Cat on scratching furniture

Dear Owner,

Thank you for rescuing me and taking me in — I love our home together. Now that we have been around each other for a while and I have grown up, it’s time for us to agree on what we like and need for a strong and healthy relationship. Even though we are different in many ways, we both like to be shown love and expect to be appreciated and understood for whom we are.

As you know, I come from a long line of solitary hunters of small prey, who were themselves prey for larger carnivores (dogs) and primates (humans), so I need to be able to trust you to be comfortable with you (I’m sure you understand). I can show you how I feel with my body language (watch this quick clip if you need help with translation). For example, please let me come to you when I want attention. Like you, I feel afraid when affection is forced upon me or when unwanted “friends” (feline or otherwise) are moved into our house.

We both like to choose what we like to eat, drink and use in the bathroom (litter for me, TP for you). When we are offered choices, we can express our preferences and be happy to have them respected. And speaking of bathrooms, we both like them private and clean. Imagine having to depend on someone else to flush and clean your toilet when they feel like it! If you have questions about this, our veterinarian friends have recently put out some great information for you to read.

We also need to keep our nails in shape, and in addition to keeping them beautiful, I need mine to eat with and to protect myself. You can get yours done; I need to do my own, so I need a good place to scratch to keep them healthy and a little help from you when they need a trim. You can help me find the best places to do this in our house by putting a reminder (foil, sticky tape, etc.) on things you don’t want me to scratch and by giving me a great place that is OK to scratch close by and praising me for using it so I’ll know what you want (and don’t we both love praise, too?).

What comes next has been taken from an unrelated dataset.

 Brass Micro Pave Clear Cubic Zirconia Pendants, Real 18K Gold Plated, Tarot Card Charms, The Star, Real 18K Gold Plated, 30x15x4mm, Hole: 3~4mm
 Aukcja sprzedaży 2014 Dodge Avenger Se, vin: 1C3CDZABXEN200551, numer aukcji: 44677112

Speaking of praise, neither of us likes to be yelled at or hit. It is scary and makes us feel bad. It also isn’t helpful just to tell us what not to do; we need to understand what we want each other to do instead. So please show me what you want by using the “scratching post strategy”: Put things on stuff you don’t want me to scratch (climb on, sleep on, etc.) to remind me what not to use, but then give me places that are OK to use — and praise me lavishly for using them.

We also both like our things left alone. You have drawers to keep your things out of sight, and I like my things — food and water bowls, litterbox, resting area — in quiet, private places. And you know how we really don’t love going to the doctor but know we need to? If one of my resting places also is a nice cat carrier, taking me to the veterinarian for my annual checkup will be a lot less stressful for both of us! You could even put a scratching post next to it so I can stretch after I get up from a nap like you do.

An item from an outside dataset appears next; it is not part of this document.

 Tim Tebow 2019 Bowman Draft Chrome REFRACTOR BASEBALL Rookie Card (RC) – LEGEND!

And we both like hunting for food. For you, it’s finding that great new restaurant before anyone else does; for me it’s prowling our house in search of prey. Just like you, I have my favorites, and I can show you what they are if you’ll give me the chance. There also are toys that dispense food that I might like to play with while you are away (just do an Internet image search for ‘cat food puzzle’ to see all the possibilities to make or purchase for me).

I hope this helps you understand how much we have in common and how easy it is for you to show me you love me as I love you. Just follow the Golden Rule!